Weiterhin bestehe für die Stadt Pforzheim die Möglichkeit, gemäß § 25 BauGB ein besonderes Vorkaufsrecht zu begründen. Hierfür bedürfe es eines Konzepts der Gemeinde, das hinsichtlich der konkreten Ausgestaltung nachvollziehbar sein müsse. „Hierzu zählen alle Maßnahmen, die einen städtebaulichen Bezug aufweisen und dazu dienen, die Planungsvorstellungen der Gemeinde zu verwirklichen und die über die Vorkaufssatzung gesichert werden sollen“, heißt es in der Antwort der Landesregierung auf Rülkes parlamentarische Initiative.
„Auch das ist eine Möglichkeit, wie der Gemeinderat Einfluss nehmen kann und ich erwarte, dass die Stadtverwaltung den Gemeinderäten transparent und verständlich darlegt, welche Möglichkeiten der Gemeinderat hier hat.“
Kann der Gemeinderat also vollumfänglich darüber bestimmen, ob eine LEA kommt oder das Gebiet anders entwickelt wird?

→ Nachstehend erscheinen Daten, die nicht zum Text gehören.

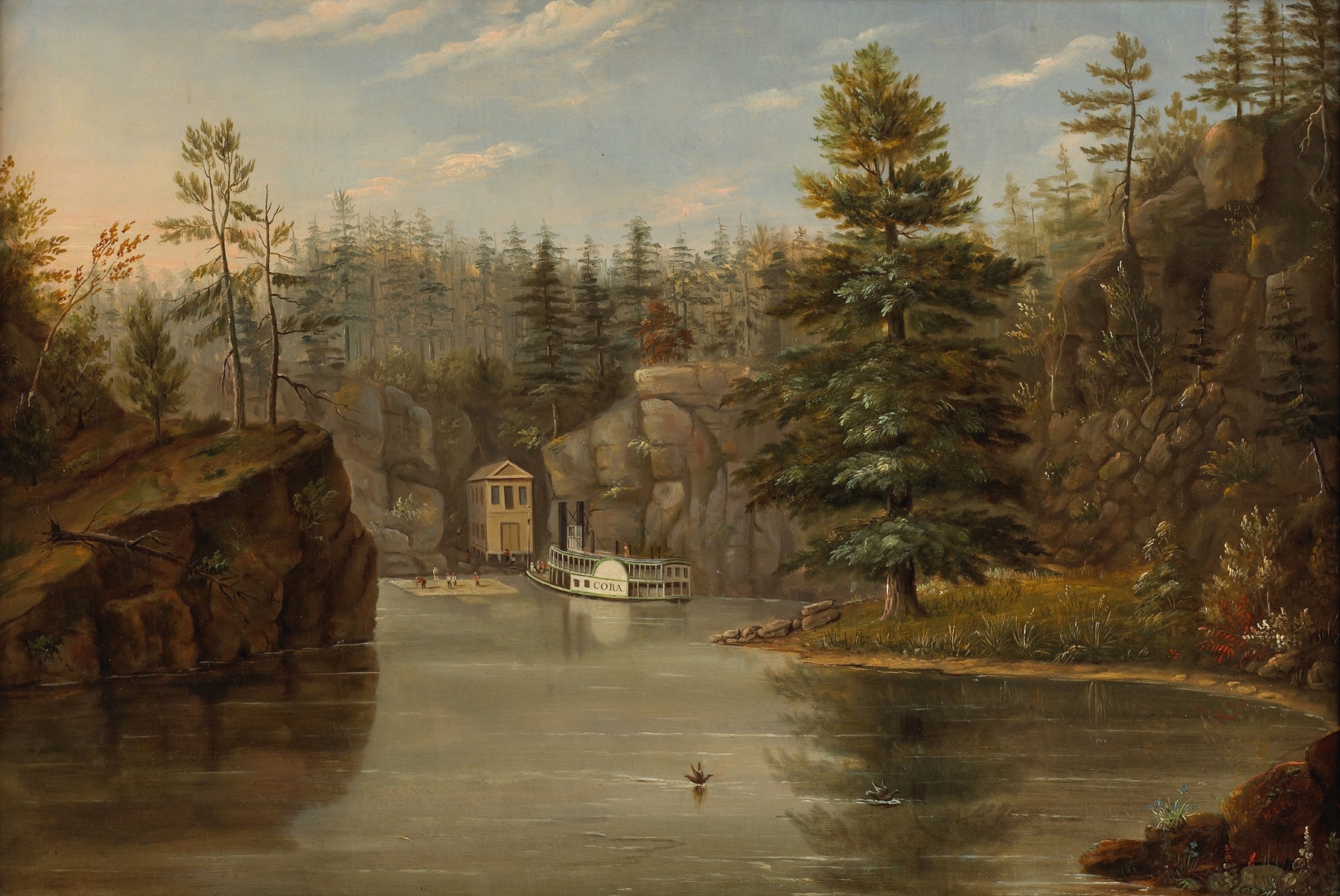 Gorge of the St. Croix by Henry Lewis, oil on canvas depicting cliffs at twilight.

In der öffentlichen Wahrnehmung sei der Eindruck entstanden und vermittelt worden, die Stadt habe keinen Einfluss auf die Entscheidung, nachdem CDU-Vertreter dem Land Pforzheim als LEA-Standort angeboten hätten. Auch hierzu habe Rülke die Landesregierung befragt.

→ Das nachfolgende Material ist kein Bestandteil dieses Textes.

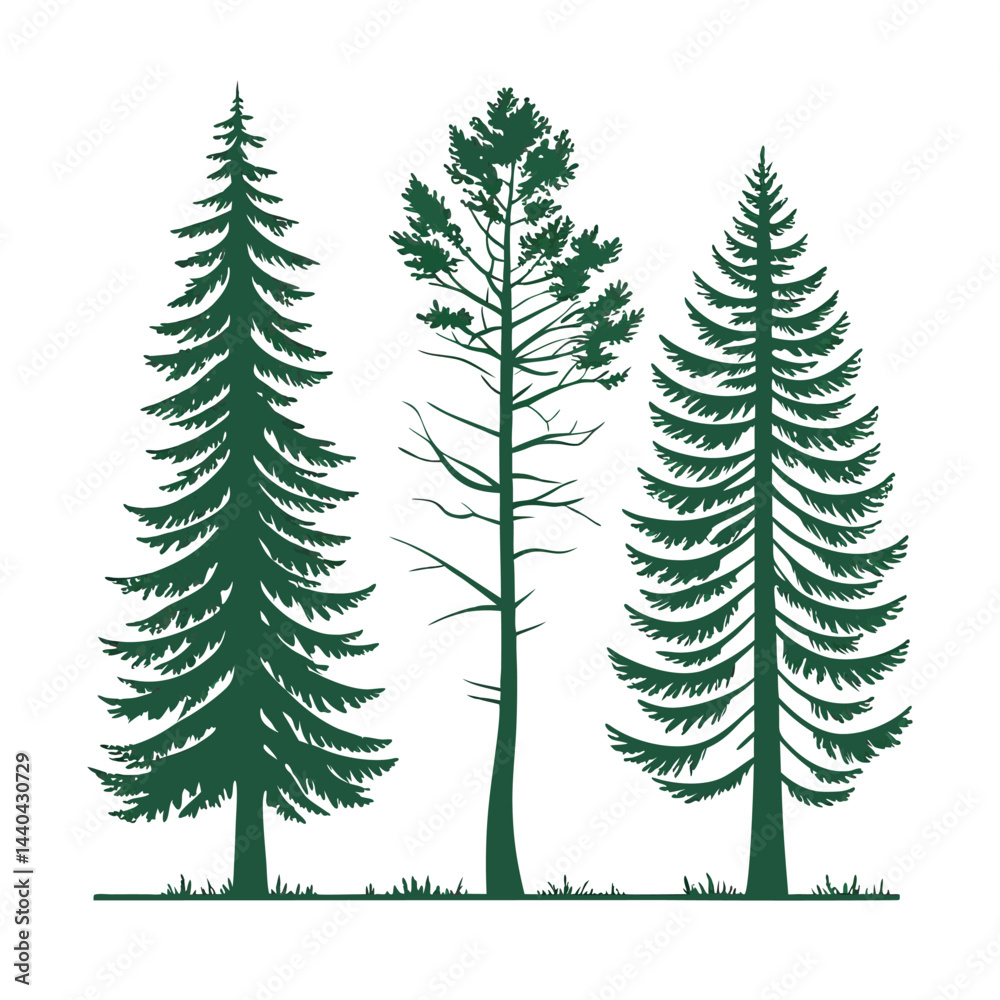 Obraz premium A set of stylized evergreen tree silhouettes, each with a unique shape and outline, arranged in two rows of five trees. The trees are solid green with no outlines or details, on a white background.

„Es stimmt nicht, dass die Stadt und der Gemeinderat keinen Einfluss haben sollen. Ich wollte wissen, ob die Landesregierung von den Ausnahmemöglichkeiten, die das Recht zum aktuellen Stand vorsieht, einen LEA-Standort auch gegen den Willen des örtlichen Gemeinderates durchzusetzen, Gebrauch machen würde, sofern der Gemeinderat sich gegen eine LEA im Brötzinger Tal ausspricht“, so Rülke. „Mir wurde daraufhin geantwortet, dass das Ziel der Regierung sei, ein Einvernehmen mit den Standortkommunen herzustellen, was bislang auch in jedem Fall gelungen sei. Daraus schließe ich, dass das Land zunächst nicht die Absicht hat, eine LEA gegen den Willen einer Ratsmehrheit durchzusetzen. Der Gemeinderat sollte also bis zur Sommerpause die Gelegenheit erhalten, über die Einrichtung abzustimmen“, so Rülke.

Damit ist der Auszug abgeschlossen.